Somewhat quietly tucked away at the bottom of a city-issued news release Dec. 6 was a nugget that should provide some hope to Vancouver’s continually fracturing arts scene.
“Howe Street Studios is the first of several new city-owned arts spaces set to open Vancouver over the coming year,” the statement read.
The release then continued to suggest close to 50,000 square feet worth of arts space is in the offing over the next 12 months: a 20,000 square foot multi-purpose arts and culture production and presentation hub at 825 Pacific St., 30 units of social housing for artists with 4,000 square feet of production space at Main and Second Avenue and a 20,000 square foot, purpose-built music presentation centre secured at the Plaza of Nations.
All of this, along with a proposed 6,000 square foot rehearsal facility that could be a part of Fir Street project subject to a development permit board hearing on Jan. 20.
But first, back to Howe Street Studios.
Owned by the city and operated by the non-profit 221A, the studio encompasses close to 11,000 square feet of space that will be used predominantly for visual arts. It includes two kiln compatible studios and two sound-isolated studios.

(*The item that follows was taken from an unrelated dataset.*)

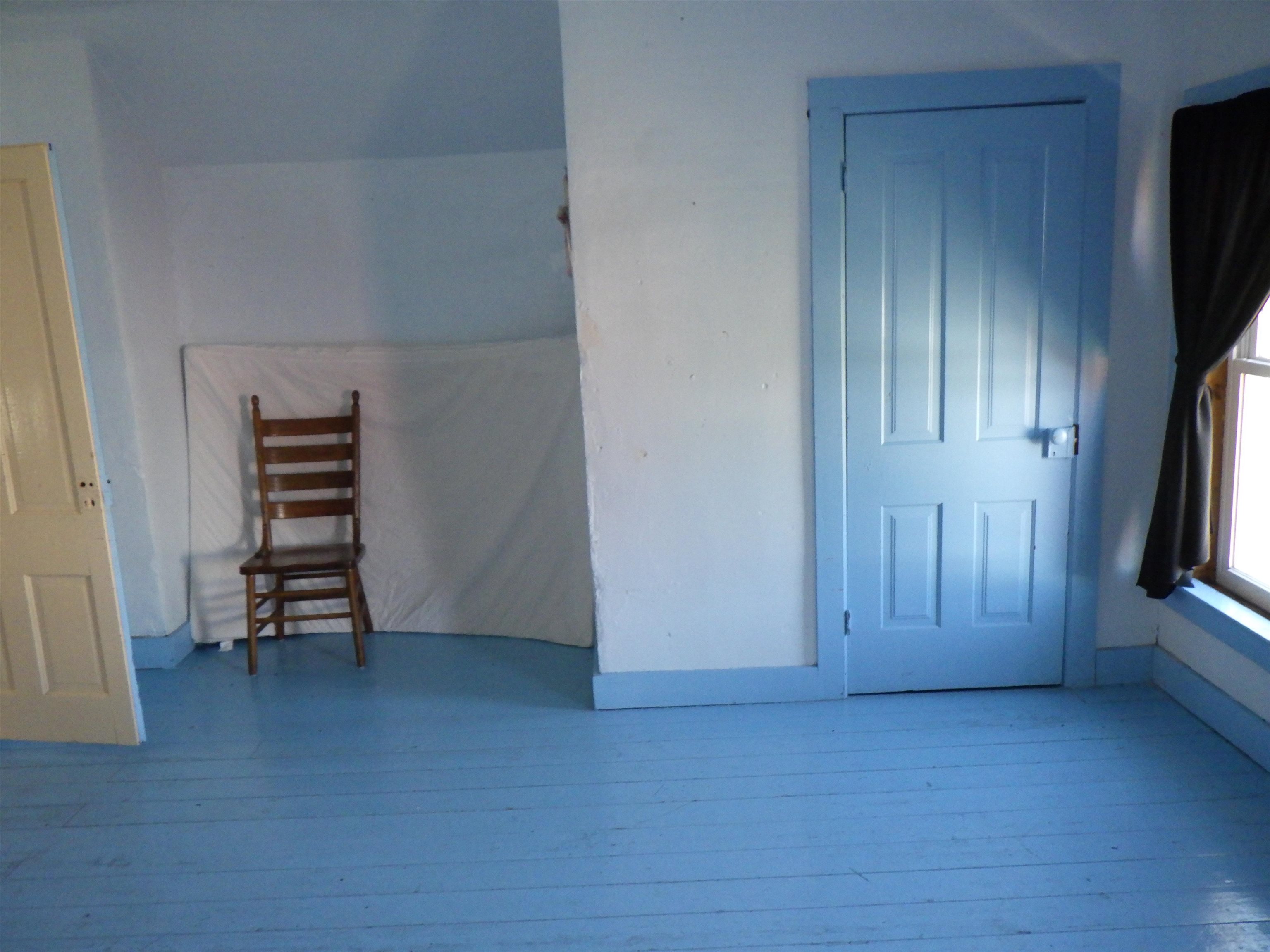 E6170 Hidde Road Marion, WI 54950 - Photo 15 of 22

About 20 artists call it home.
“221A’s vision for the facility is to support the re-emergence of viable working spaces for artists within Vancouver’s downtown core, with a focus on artists who have traditionally been disadvantaged from access to public resources,” 221A director Brian McBay said in a news release.
The new space came to fruition by way of community amenity contributions (CAC) from Howe Street Developments Limited Partnership, as part of a mixed use development that includes a 41-storey residential building. CACs are like a give a take between cities and developers, where a municipality will leverage amenities — affordable housing, park space or purpose-built rental units — against a developer’s request for more density.
Artists at the Howe Street space are in commercial sublease agreements for three-year terms, with the Malaspina Printmakers Society selected as the facility’s key subtenant. The non-profit, artist-run centre “advances education, promotes excellence in the art form, and increases the public’s understanding and appreciation of contemporary art and print media,” according to the city.
Last week’s announcement builds on council’s lofty, 10-year vision for arts and culture in the city adopted in September. Through three different pieces of legislation, the city aims to secure 800,000 square feet of art space over the next decade along with creating affordable artist housing and providing grant money to artists and arts groups.
The first allotment of that funding — almost $900,000 — went out in November to groups and individuals the city characterized as “underrepresented” in previous grant allocations: First Nations groups, people of colour and others from the LGBTQ+ community.